Material removal during abrasive impregnated brush deburring of micromilled grooves in NiTi foils

• Brush deburring applied to micromilled grooves in 25 µm NiTi foils.
• Material removal mechanism is by chips and breaking off of deformed material.
• Domination of initial contact forces at 7 m/s tip velocity.
• A Hertzian static indentation model is used to predict indentation rate.
• Paris equation based model is used to predict deburring brush passes.
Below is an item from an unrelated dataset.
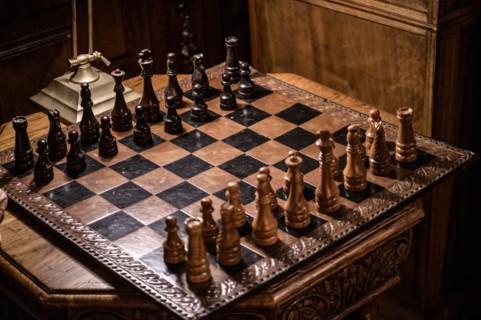 Jeu d'échecs en bois, 2020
While abrasive impregnated brushes have been used extensively for deburring of machined parts, understanding of the associated mechanics of material removal is lacking. This paper investigates the dependence of brush deburring rate, surface roughness and change in foil thickness on spindle speed and brush nominal penetration during brush deburring of 25 μm thick Nitinol (NiTi) foils. Analysis of the surface after brushing shows that both ploughing and chip formation occur in the process. It is also seen that at bristle tip velocities of about 7 m/s the penetration of abrasives into the foil is dominated by initial contact forces while at about 2 m/s it is dominated by bristle stiffness. Long, slender burrs are removed by fatigue fracture under cyclic loading of the bristles. Burr roots are removed in small chunks as cracks formed by abrasive indentation propagate under cyclic loading of the bristles. A model based on Hertzian contact mechanics is proposed to predict the rate of indentation during brushing and is validated using experiments. The surface roughness initially reduces but subsequently increases with further brushing. Change in foil thickness in all cases is ≤1 μm. A fracture mechanics model for predicting the deburring rate is also proposed and validated.